Text does not get recognized properly
Try these solutions if any part of the original document is not converted to text properly during OCR:
-
Look at the page image and ensure that all text areas are enclosed by text zones. If an area is not enclosed by a zone, it is generally ignored during OCR.
-
Make sure text zones are identified correctly. Reidentify zone types and contents, if necessary, and perform OCR on the document again. See Zone types and contents for more information.
-
Be sure you do not have an unsuitable template loaded by mistake. If zone borders cut through text, recognition is impaired.
-
Adjust the brightness and contrast sliders in the Scanner panel of the Options dialog box. You may need to experiment with different settings combinations to get the desired results.
-
Enhance images for OCR purposes using the SET tools.
-
Check the resolution of the original image. Hover the cursor over a page thumbnail for a popup display. If the resolution is significantly above or below 300 dpi, recognition is likely to suffer.
-
Make sure the correct document languages are selected in the OCR panel of the Options dialog box. Only languages included in the document should be selected. In particular, setting an Asian language for non-Asian texts (and vice versa) is likely to produce unusable results.
-
If you turned on the option ‘Detect single language automatically’, automatic analysis assigns one language to each incoming page; re-recognize manually multi-lingual pages or pages where a wrong language may have been assigned.
-
Recognition results in Japanese, Korean and Chinese can be viewed and saved only if your system has East Asian language support.
-
Turn IntelliTrain on and make some proofing corrections.

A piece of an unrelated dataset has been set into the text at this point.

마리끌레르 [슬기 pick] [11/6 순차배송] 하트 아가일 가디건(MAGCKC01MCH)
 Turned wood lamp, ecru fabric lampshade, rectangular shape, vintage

This is most likely to help with stylized fonts or uniformly degraded documents. If IntelliTrain was running, try turning it off – on some types of degraded documents it may not be able to help.
-
Do some manual training, or edit existing training to remove unsuccessful training.
-
If you use True Page as the Text Editor formatting level or for export, recognized text is put into text boxes or frames. Some text may be hidden if a text box is too small. To view the text, place the cursor in the text box and use the arrow keys on your keyboard to scroll to the top, bottom, left, or right of the box.
-
Check the glass, mirrors, and lenses on your scanner for dust, smudges, or scratches. Clean if necessary.
-
OmniPage only recognizes machine printed-text characters such as typewritten or laser-printed text. It can handle dot-matrix characters, though accuracy may be lower on draft-quality texts. It cannot read handprint or handwriting. However, it can retain signatures or other handwritten text as a graphic.